BEGIN

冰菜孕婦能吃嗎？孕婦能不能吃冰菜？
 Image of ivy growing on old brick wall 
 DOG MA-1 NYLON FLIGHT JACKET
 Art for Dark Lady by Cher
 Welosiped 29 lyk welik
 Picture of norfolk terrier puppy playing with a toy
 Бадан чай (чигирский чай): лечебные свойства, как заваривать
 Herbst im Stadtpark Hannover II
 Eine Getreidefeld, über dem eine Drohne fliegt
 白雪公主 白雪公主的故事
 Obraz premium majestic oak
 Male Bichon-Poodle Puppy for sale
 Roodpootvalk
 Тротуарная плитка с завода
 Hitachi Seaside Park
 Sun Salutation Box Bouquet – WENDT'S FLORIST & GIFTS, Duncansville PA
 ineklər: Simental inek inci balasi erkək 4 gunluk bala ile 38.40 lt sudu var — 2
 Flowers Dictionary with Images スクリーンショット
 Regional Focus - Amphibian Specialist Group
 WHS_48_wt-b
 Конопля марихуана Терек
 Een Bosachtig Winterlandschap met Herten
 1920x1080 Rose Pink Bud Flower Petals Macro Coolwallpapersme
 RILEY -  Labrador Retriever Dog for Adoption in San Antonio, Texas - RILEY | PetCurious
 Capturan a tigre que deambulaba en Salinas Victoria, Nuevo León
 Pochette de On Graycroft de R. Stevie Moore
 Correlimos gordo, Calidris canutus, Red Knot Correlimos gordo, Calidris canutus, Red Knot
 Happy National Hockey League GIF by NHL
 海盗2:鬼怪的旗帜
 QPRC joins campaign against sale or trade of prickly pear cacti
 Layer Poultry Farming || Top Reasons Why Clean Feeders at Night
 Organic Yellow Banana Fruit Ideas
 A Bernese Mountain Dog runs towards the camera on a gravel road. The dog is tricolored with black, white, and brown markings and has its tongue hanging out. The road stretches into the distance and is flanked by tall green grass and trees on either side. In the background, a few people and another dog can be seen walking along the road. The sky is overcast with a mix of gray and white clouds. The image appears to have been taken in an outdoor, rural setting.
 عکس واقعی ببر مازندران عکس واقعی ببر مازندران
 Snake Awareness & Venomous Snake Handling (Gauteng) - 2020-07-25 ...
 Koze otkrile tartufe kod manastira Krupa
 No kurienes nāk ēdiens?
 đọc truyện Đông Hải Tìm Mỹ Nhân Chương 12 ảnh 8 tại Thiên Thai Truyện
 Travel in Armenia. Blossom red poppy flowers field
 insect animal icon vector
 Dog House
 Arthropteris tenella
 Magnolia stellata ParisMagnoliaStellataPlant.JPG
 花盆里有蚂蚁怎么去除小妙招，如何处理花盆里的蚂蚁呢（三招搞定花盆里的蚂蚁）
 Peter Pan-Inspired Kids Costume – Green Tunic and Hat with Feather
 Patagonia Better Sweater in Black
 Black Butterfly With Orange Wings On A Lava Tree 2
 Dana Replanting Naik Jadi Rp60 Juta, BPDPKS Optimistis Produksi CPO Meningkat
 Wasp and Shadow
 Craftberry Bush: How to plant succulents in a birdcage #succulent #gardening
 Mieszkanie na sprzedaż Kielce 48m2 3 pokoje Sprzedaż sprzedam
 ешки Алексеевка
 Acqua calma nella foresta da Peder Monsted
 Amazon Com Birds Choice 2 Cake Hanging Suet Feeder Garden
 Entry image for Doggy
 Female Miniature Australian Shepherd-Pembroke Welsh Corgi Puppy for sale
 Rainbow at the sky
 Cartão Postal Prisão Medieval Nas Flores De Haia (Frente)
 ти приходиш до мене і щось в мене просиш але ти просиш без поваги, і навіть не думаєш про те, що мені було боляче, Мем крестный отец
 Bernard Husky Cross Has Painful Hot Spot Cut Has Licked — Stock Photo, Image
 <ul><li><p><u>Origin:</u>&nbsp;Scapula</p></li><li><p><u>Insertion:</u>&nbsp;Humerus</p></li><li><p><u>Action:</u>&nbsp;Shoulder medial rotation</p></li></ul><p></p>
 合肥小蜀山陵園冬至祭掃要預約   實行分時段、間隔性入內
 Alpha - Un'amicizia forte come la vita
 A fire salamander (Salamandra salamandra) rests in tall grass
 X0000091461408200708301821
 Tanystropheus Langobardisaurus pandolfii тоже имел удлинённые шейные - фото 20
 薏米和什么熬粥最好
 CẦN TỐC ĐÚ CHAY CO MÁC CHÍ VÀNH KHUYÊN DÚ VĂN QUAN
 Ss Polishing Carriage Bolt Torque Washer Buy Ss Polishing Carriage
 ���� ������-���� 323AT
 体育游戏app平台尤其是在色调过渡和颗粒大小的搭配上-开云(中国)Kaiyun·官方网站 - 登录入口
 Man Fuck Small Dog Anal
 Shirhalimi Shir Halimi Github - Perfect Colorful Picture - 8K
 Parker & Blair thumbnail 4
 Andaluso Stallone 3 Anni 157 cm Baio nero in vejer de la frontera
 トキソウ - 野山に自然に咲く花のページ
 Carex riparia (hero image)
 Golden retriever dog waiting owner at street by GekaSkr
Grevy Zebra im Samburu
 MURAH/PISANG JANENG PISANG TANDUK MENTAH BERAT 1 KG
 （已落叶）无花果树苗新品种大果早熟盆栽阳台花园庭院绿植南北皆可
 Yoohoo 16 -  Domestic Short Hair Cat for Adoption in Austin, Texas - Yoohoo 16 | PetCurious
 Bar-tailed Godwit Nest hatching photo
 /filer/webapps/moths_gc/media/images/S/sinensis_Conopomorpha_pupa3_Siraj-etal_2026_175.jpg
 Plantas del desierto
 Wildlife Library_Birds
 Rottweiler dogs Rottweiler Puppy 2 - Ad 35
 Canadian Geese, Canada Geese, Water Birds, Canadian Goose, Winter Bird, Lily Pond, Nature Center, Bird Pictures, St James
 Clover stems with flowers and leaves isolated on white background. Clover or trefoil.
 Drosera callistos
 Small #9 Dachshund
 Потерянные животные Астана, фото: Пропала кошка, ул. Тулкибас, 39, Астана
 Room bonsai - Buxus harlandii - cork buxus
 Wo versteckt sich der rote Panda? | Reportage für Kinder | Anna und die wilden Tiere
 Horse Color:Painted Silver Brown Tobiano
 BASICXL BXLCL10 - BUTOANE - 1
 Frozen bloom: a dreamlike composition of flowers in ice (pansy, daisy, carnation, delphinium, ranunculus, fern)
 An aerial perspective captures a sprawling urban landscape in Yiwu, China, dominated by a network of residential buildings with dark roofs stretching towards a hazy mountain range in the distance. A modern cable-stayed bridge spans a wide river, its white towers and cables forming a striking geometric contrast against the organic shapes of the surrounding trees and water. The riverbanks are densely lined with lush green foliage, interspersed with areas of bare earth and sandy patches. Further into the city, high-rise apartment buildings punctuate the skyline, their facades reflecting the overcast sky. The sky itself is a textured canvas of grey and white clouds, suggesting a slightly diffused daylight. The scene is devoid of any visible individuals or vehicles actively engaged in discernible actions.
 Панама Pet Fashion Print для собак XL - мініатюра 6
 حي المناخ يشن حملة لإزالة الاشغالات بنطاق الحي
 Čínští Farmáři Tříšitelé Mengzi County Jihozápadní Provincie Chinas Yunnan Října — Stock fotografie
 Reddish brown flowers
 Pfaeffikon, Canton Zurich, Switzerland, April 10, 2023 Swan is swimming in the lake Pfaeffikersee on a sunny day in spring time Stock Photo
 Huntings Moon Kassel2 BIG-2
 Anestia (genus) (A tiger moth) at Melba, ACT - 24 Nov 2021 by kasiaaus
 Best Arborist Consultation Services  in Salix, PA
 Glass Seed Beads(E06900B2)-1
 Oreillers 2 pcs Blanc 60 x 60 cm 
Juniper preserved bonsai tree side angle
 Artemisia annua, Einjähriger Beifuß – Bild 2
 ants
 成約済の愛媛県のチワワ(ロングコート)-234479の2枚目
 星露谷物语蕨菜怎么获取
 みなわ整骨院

END

• ASSIGNED TASK
Show every line in the entries where the string "Texas" occurs.

• ANSWER TO THIS TASK
 RILEY -  Labrador Retriever Dog for Adoption in San Antonio, Texas - RILEY | PetCurious
 Yoohoo 16 -  Domestic Short Hair Cat for Adoption in Austin, Texas - Yoohoo 16 | PetCurious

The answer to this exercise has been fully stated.